If a business does not apply for the refund on time, they lose their credit.

2. E-invoicing in the UAE

Businesses should continue preparing for the implementation of e-invoicing in the UAE, with 2026 a preparation and transition period ahead of phased mandatory adoption. 

3. More tax audits

Tax authorities are increasingly using data already available across multiple filings to identify audit risks. 

4. More beneficial VAT and excise tax penalty regime

Tax disputes are expected to become more frequent and more structured, with clearer administrative objection and appeal processes. The UAE has adopted a new penalty regime for VAT and excise disputes, which now mirrors the penalty regime for corporate tax.

5. Greater emphasis on statutory audit

There is a greater need for the accuracy of financial statements. The International Financial Reporting Standards standards need to be strictly adhered to and, as a result, the quality of the audits will need to increase.

6. Further transfer pricing enforcement

Transfer pricing enforcement, which refers to the practice of establishing prices for internal transactions between related entities, is expected to broaden in scope. The UAE will shortly open the possibility to negotiate advance pricing agreements, or essentially rulings for transfer pricing purposes. 

7. Limited time periods for audits

Recent amendments also introduce a default five-year limitation period for tax audits and assessments, subject to specific statutory exceptions. While the standard audit and assessment period is five years, this may be extended to up to 15 years in cases involving fraud or tax evasion. 
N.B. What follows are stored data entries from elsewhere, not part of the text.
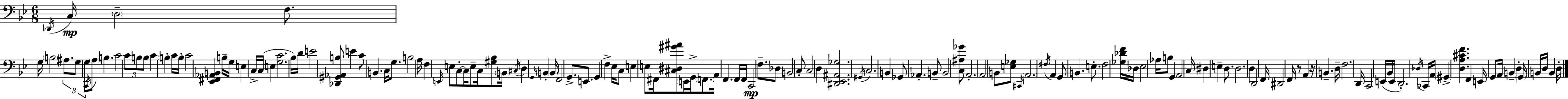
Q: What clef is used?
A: bass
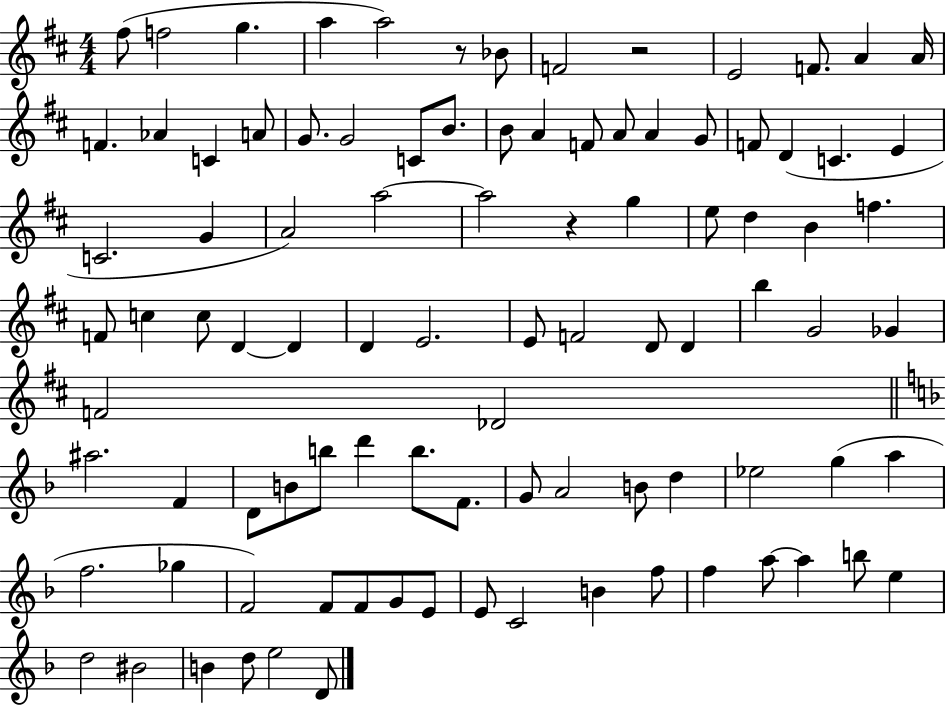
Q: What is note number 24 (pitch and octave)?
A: A4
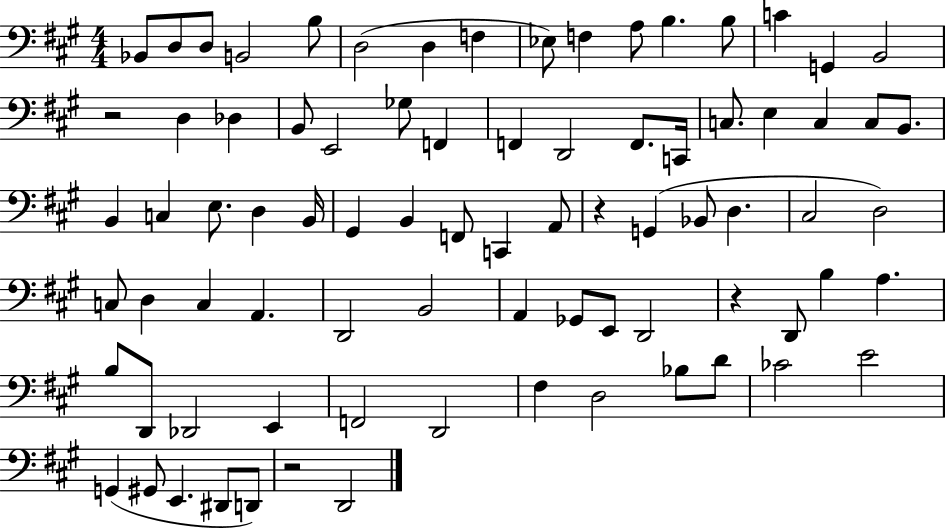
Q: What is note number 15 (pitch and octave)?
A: G2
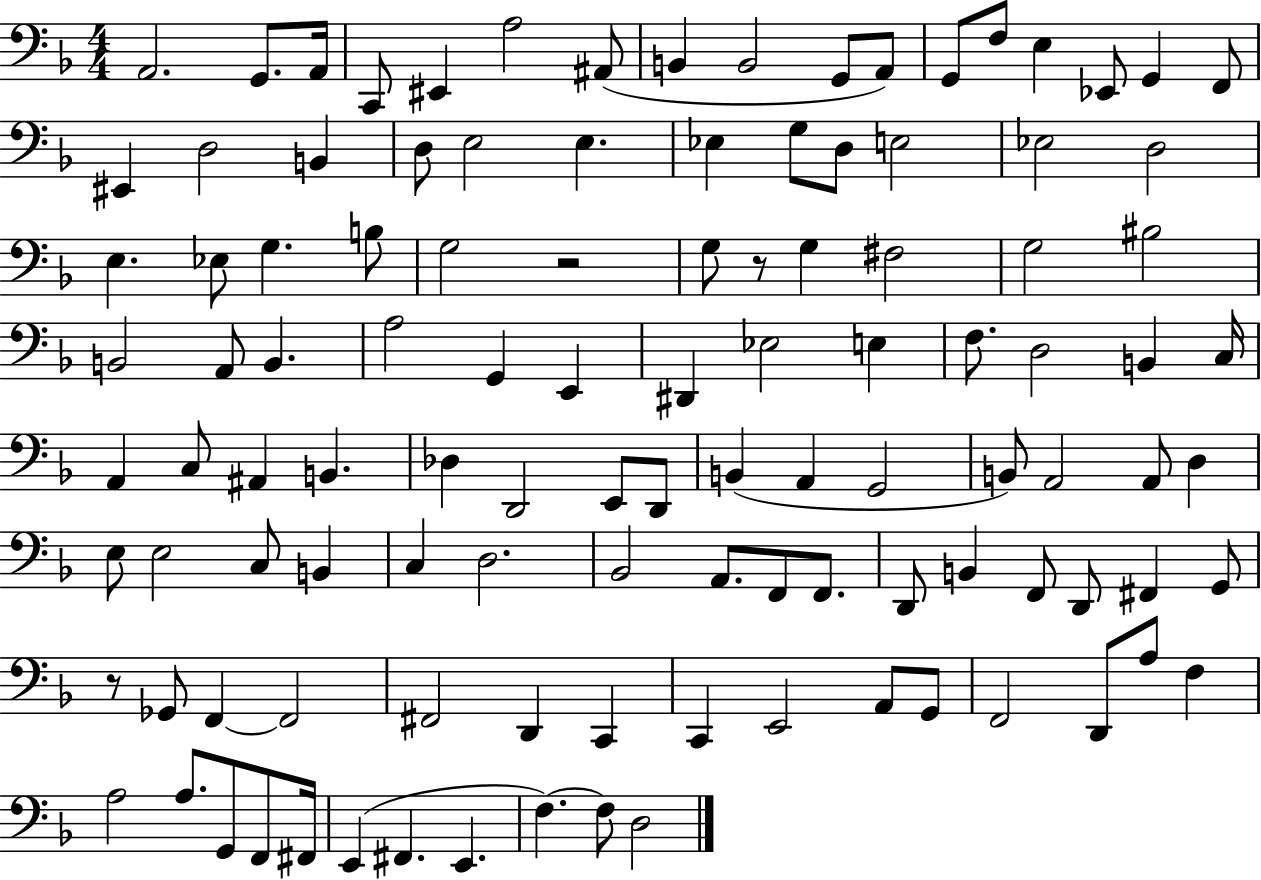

8. Pillar 2 implementation 

Many multinational groups will begin to feel the practical effect of the Domestic Minimum Top-Up Tax (DMTT), the UAE's implementation of the OECD’s global minimum tax under Pillar 2. While the rules apply for financial years starting on or after January 1, 2025, it is 2026 that marks the transition to an operational phase.

9. Reduced compliance obligations for imported goods and services

Businesses that apply the reverse-charge mechanism for VAT purposes in the UAE may benefit from reduced compliance obligations. 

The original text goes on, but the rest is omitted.